Train Deep Learning Data 100% CPU usage 0% GPU

GeoprocessamentoCerradinho · ‎03-15-2021

Although you have configured the Processor Type for GPU and the sample export has been performed with the GPU, when performing the Training the GPU is not being used, is this the expected behavior for this type of operation? See image.

AmlanR · ‎03-16-2021

@GeoprocessamentoCerradinho Yup! That is the expected behavior. As long as CUDA is in use for training and Nvidia smi also shows the GPU in use, we are good to go. If you have more resources left over, you may be able to bump up your batch size.

View solution in original post

DanPatterson · ‎03-15-2021

Did you see associated threads?

Solved: Workstation specifications, for deep learning - Esri Community

and

Esri/deep-learning-frameworks: Installation support for Deep Learning Frameworks for the ArcGIS Syst...

... sort of retired...

AmlanR · ‎03-15-2021

Hii @GeoprocessamentoCerradinho ,

Could you tell us which specific GPU (Make and model) is in use for the training process? (Device Manager > Display Adapters OR Task Manager > Performance > GPU)

1. In the task manager, select the GPU that you are expecting to be used for the training process. You will see multiple windows such as 3D, copy, Video Encode etc. On the top-left of one of those windows, you should be able to see a drop down arrow. Change the value to 'CUDA'.

2.In command prompt > type 'nvidia-smi -l 3'. This should show us a detailed usage of the GPU during training (refreshed every 3 seconds)
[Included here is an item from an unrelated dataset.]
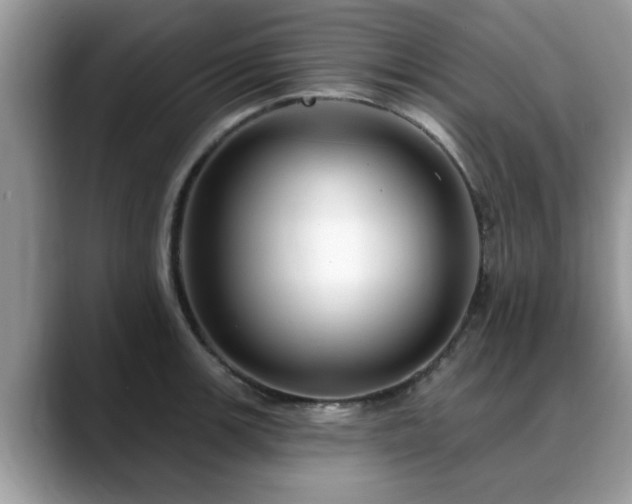 X0000088751139200706071715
While the training process is running, could you capture both and post a screenshot here?

Should look like this:

GeoprocessamentoCerradinho · ‎03-15-2021

Thanks for reply, I believe that the result of the training is very wrong:

Start Time: Monday, March 15, 2021 5:36:56 PM
GPU is being used for the training
Learning Rate - slice(0.0001737800828749376, 0.001737800828749376, None)
Training Loss Validation Loss Accuracy
0.0 2.8250971440685335e-12 1.0
0.0 6.1832314442178404e-12 1.0
1.0186340659856796e-10 4.119045035611002e-11 1.0
9.458744898438454e-11 1.7390337433975667e-11 1.0
2.9103830456733704e-11 3.03431411941002e-11 1.0
3.637978807091713e-11 6.275180375325817e-11 1.0
9.458744898438454e-11 6.304497202069825e-11 1.0
{'accuracy': '1.0000e+00'}
NoData FNM Ref FM Ap GSec Ac A Res
precision 1.0 0.0 0.0 0.0 0.0 0.0 0.0 0.0 0.0
recall 1.0 0.0 0.0 0.0 0.0 0.0 0.0 0.0 0.0
f1 1.0 0.0 0.0 0.0 0.0 0.0 0.0 0.0 0.0
Succeeded at Monday, March 15, 2021 7:59:11 PM (Elapsed Time: 2 hours 22 minutes 15 seconds)

AmlanR · ‎03-16-2021

Hii @GeoprocessamentoCerradinho,

Based on your response on the other thread, I am guessing you were able to get the model working.
Were you able to replicate the above steps to ensure that GPU was indeed being used while training the deep learning model?

GeoprocessamentoCerradinho · ‎03-16-2021

Yes, I realized that although the CPU is being used to the maximum, the GPU is used in about 50% (CUDA value in task manager), I don't know if this is the expected behavior, I think so.

AmlanR · ‎03-16-2021

@GeoprocessamentoCerradinho Yup! That is the expected behavior. As long as CUDA is in use for training and Nvidia smi also shows the GPU in use, we are good to go. If you have more resources left over, you may be able to bump up your batch size.